Is it just me, or would anyone else have preferred that Caroline Kennedy get her moment in the spotlight, without Uncle Teddy and Cousin Patrick? There was something profoundly moving about her short, dignified Op-Ed in the New York Times Sunday. Her father's assassination is one of my earliest memories; for a lot of Americans my age and older, she will always be the little girl in those pictures with her forever-young father, and her endorsement of Obama seemed another way the Illinois senator is all about youth and hope and the future, even though she turned 50 last year. I know there's no way Caroline herself agrees with me; she introduced her uncle at the rally today with love and respect. It's also possible the most private of the Kennedys wouldn't have stepped out into the spotlight at American University by herself.

Still, Ted Kennedy has his own baggage, and I'm not referring to vicious right-wing talking points, just his long association with a certain kind of old-fashioned liberalism, as well as the way his divisive primary fight with Jimmy Carter helped open the door to Ronald Reagan (still in college, I supported California Gov. Jerry Brown and later Kennedy that year). Plus, he's long appeared to resent Bill Clinton's (and Carter's) status as upstart Southerners who won the big prize that eluded him, adding a tinge of petty payback to what might have been a purely mythic moment. I had actually been reassured hearing Kennedy was going to stay on the sidelines; this race is going to need peacemakers no matter who wins. But maybe I'm just a kvetch. Obama's speech, again, was stirring. He brought together his black and white families, talking about how his mother and her parents had been inspired by the Kennedys, while his father from Kenya was able to come to this country because of a grant established by, yes, JFK. You all know I've taken a wait-and-see approach to Obama's candidacy, but that was a little eerie and magical, even for me. (It should be noted that the Clinton camp countered the Kennedy wave with an endorsement from Kathleen Kennedy Townsend yesterday, who reminded the media that her sister Kerry and lefty favorite Bobby Jr. have also endorsed Hillary. But there was no television moment, at least not yet.)
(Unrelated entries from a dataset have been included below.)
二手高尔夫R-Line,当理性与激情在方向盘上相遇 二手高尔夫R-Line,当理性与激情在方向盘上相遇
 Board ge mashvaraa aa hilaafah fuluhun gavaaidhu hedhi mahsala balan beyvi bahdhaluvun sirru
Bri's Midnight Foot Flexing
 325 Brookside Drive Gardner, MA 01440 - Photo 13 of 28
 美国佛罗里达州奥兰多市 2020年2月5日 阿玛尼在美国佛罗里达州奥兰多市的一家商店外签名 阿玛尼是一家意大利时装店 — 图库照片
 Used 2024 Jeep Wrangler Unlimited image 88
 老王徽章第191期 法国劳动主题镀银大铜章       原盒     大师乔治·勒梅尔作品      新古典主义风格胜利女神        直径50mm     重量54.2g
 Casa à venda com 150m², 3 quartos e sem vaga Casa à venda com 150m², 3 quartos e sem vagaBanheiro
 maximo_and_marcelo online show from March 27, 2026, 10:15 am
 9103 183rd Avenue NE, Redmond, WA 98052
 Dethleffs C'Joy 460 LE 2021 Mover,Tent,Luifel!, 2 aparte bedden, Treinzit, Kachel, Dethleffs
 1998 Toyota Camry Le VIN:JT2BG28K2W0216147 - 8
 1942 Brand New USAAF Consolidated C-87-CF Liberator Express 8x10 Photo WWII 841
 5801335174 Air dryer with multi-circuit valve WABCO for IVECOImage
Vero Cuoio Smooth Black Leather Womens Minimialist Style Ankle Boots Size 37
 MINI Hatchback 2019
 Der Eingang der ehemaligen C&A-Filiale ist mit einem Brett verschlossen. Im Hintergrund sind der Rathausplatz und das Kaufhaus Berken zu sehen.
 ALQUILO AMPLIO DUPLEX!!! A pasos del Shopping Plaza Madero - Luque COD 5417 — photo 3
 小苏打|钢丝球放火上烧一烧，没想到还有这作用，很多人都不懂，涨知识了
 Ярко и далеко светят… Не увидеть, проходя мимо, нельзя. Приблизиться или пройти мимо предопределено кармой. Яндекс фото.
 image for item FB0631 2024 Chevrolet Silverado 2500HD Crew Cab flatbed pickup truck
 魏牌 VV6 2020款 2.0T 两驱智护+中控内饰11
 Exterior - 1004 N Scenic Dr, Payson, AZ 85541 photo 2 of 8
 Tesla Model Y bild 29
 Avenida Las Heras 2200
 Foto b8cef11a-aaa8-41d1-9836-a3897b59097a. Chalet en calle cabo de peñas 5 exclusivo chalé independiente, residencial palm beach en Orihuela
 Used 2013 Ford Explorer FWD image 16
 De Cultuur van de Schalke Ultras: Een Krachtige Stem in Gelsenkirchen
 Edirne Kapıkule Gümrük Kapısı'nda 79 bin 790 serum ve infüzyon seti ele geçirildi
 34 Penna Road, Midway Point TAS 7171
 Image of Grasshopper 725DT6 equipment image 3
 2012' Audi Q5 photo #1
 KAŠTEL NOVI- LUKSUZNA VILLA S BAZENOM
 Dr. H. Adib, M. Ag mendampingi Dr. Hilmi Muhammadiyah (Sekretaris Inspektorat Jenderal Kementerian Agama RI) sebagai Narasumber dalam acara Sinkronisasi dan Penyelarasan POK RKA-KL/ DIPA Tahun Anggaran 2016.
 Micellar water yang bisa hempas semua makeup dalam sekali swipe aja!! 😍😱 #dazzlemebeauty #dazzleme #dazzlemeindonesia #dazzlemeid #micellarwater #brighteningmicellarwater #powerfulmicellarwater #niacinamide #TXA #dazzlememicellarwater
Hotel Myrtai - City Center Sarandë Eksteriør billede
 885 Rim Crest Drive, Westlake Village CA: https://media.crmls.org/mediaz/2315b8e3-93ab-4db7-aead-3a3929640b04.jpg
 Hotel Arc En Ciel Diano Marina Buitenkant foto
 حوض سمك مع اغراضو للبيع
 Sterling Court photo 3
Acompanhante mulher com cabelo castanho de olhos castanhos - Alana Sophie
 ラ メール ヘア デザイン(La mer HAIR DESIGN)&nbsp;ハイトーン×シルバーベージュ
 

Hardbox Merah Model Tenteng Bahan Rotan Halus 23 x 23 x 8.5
No doubt the Kennedy rally today is a boon to a campaign coming off an inspiring win that many people (including me) have warned won't necessarily translate into big victories on Super Tuesday. Our nearly national primary Feb. 5 is going to be heavily influenced by who can command free media (and not the kind Hillary Clinton gets on MSNBC); today's rally was great television. Tomorrow Obama heads to the Kansas birthplace of his white grandfather, Stanley Durham, which is also smart staging. I've criticized the Obama campaign, but they've had several good days in a row.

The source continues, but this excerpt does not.